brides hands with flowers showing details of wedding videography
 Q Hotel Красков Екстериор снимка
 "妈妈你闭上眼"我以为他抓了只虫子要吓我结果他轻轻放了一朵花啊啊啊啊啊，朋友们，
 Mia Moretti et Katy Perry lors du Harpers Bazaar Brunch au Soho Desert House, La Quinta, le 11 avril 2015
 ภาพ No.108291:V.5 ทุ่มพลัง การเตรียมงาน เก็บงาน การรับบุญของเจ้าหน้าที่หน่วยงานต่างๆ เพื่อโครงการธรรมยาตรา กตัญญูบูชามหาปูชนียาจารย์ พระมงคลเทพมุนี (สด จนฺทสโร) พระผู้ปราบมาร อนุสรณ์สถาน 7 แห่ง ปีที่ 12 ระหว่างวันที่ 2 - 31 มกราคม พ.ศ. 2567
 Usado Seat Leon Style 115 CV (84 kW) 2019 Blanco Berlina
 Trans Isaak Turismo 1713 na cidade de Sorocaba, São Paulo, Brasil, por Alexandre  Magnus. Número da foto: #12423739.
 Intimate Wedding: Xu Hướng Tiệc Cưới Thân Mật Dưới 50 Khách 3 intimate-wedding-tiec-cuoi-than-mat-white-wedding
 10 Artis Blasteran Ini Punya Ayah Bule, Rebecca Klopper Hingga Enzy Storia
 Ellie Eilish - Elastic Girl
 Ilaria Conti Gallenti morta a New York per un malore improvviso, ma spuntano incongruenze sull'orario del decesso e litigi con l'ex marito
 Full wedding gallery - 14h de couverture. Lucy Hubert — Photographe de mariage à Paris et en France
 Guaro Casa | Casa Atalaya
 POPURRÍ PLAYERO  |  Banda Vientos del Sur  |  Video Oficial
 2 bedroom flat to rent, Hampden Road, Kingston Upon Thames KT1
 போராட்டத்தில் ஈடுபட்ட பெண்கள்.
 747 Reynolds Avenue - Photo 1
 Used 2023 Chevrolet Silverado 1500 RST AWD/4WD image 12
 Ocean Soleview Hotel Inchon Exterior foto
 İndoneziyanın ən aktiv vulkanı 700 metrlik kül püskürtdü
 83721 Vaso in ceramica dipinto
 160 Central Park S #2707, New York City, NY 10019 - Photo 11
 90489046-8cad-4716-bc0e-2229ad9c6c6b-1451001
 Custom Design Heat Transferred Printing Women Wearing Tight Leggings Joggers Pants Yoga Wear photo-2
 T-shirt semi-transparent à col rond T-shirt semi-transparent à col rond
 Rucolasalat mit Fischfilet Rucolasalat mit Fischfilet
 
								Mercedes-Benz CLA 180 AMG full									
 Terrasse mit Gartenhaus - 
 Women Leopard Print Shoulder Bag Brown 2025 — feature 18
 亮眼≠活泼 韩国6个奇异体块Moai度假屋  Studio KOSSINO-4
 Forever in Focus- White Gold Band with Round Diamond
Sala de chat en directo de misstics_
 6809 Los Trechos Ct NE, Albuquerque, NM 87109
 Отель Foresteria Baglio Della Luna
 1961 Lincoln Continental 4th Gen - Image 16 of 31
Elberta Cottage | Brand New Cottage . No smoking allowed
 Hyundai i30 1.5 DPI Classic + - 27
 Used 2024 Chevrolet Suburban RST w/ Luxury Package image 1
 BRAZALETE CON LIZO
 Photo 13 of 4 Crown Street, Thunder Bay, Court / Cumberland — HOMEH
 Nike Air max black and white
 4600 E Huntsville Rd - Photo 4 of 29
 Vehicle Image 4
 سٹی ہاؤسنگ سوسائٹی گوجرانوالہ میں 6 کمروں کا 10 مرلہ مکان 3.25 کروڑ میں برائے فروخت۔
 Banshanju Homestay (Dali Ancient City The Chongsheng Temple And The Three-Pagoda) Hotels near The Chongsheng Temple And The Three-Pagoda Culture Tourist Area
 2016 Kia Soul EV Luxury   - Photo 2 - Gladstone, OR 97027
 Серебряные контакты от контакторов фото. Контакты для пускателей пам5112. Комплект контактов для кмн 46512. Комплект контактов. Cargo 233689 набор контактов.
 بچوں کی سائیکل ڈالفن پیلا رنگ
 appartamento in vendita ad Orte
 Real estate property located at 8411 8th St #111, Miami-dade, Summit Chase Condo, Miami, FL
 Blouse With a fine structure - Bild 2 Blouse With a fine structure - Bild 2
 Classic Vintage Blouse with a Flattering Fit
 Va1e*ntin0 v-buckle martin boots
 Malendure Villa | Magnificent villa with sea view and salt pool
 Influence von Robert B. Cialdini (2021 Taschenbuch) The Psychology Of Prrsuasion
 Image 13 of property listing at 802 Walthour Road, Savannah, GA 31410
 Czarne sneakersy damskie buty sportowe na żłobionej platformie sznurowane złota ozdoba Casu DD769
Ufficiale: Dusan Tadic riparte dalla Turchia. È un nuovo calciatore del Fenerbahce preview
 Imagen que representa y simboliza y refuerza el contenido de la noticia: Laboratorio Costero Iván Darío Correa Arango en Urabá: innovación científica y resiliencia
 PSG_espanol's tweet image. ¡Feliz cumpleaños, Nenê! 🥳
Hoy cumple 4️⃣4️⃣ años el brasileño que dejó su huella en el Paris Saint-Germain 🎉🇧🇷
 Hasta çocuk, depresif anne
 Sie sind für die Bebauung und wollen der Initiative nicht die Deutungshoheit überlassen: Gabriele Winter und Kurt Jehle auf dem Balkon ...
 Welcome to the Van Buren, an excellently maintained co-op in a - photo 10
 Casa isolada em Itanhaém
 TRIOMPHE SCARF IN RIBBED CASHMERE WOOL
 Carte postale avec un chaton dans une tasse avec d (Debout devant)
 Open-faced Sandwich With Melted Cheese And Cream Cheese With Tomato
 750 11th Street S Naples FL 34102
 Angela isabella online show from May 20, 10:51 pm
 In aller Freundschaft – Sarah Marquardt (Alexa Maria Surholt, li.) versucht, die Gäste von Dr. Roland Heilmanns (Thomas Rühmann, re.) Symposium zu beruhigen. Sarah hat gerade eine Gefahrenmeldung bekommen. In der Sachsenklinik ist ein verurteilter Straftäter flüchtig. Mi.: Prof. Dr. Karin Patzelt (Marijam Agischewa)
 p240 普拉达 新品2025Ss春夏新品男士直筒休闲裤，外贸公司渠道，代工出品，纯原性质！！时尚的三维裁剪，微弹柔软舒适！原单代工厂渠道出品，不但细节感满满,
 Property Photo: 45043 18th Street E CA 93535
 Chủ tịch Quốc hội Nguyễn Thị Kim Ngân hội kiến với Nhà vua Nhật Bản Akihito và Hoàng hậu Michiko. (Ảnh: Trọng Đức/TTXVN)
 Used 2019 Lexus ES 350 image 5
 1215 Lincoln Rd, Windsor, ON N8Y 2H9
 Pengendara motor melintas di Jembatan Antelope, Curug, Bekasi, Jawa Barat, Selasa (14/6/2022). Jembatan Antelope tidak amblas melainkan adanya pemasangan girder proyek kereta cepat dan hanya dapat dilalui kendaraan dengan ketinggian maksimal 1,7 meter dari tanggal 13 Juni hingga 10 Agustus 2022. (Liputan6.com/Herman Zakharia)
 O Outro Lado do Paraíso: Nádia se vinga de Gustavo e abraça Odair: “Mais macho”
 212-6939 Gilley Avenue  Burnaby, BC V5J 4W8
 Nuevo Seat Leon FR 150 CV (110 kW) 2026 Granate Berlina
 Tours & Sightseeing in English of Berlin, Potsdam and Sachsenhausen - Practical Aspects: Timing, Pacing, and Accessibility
• • •
YOUR ASSIGNMENT:
Copy out the line holding "O Outro Lado". Then copy every later line of the data, unchanged, through the last one.

PROBLEM SOLUTION:
 O Outro Lado do Paraíso: Nádia se vinga de Gustavo e abraça Odair: “Mais macho”
 212-6939 Gilley Avenue  Burnaby, BC V5J 4W8
 Nuevo Seat Leon FR 150 CV (110 kW) 2026 Granate Berlina
 Tours & Sightseeing in English of Berlin, Potsdam and Sachsenhausen - Practical Aspects: Timing, Pacing, and Accessibility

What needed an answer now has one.